== To do ==
Without altering a word, return the records below, but exclude the pictures.

======== Data for review

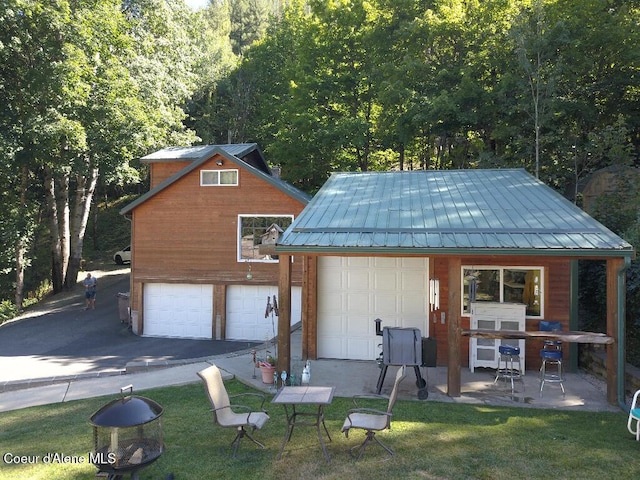 view of outbuilding featuring an outbuilding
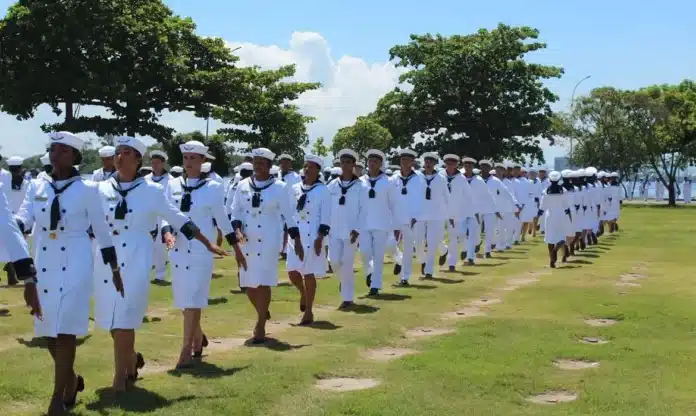 Marinha abre 794 vagas para Praças Temporários no Serviço Militar Voluntário, inscrições até 27 de janeiro de 2026 e salário de até R$ 3.835,42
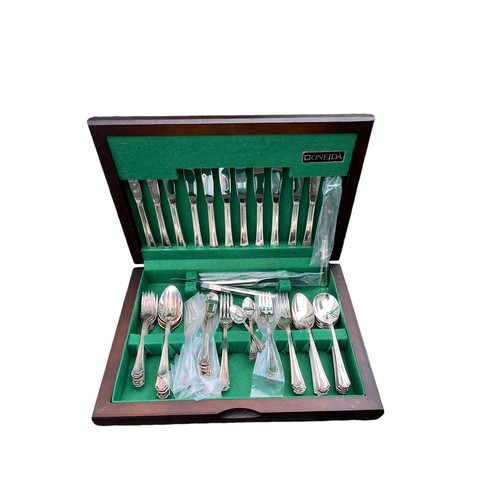 348 - A CANTEEN OF ONEIDA CUTLERY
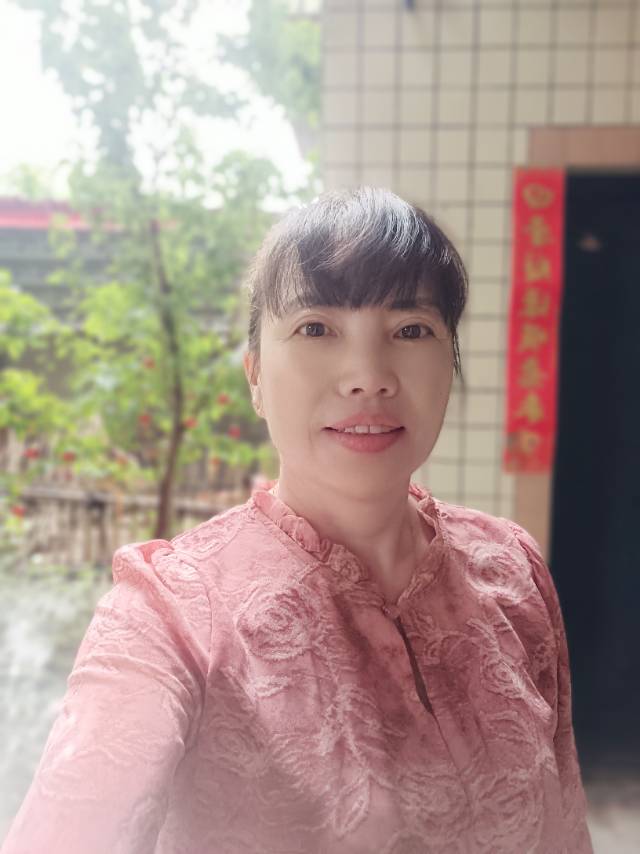 易阿姨照片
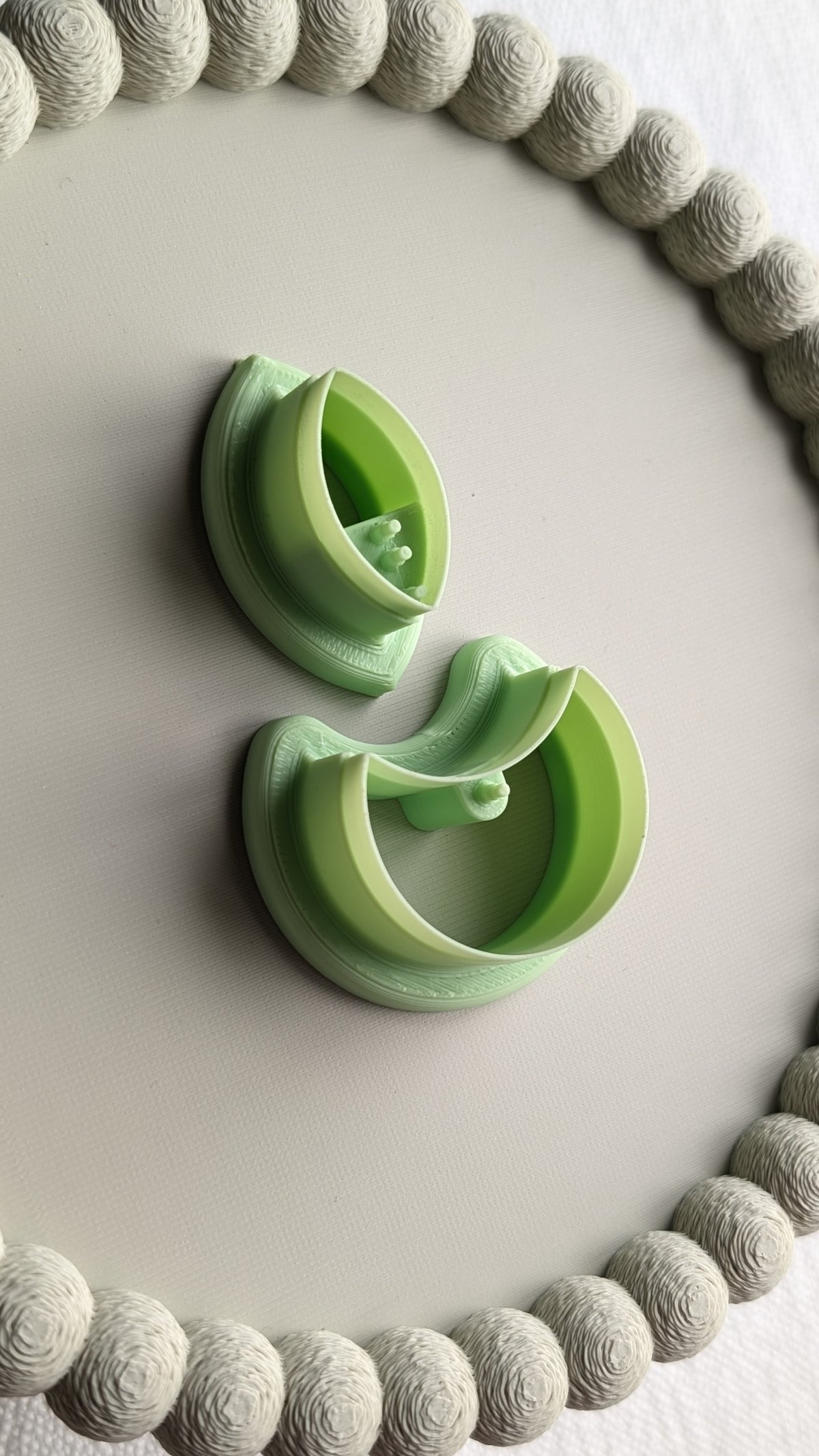 Cutter Shape #70 - The Lotus Dangles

================

== Output below ==
 view of outbuilding featuring an outbuilding
 Marinha abre 794 vagas para Praças Temporários no Serviço Militar Voluntário, inscrições até 27 de janeiro de 2026 e salário de até R$ 3.835,42
 348 - A CANTEEN OF ONEIDA CUTLERY
 易阿姨照片
 Cutter Shape #70 - The Lotus Dangles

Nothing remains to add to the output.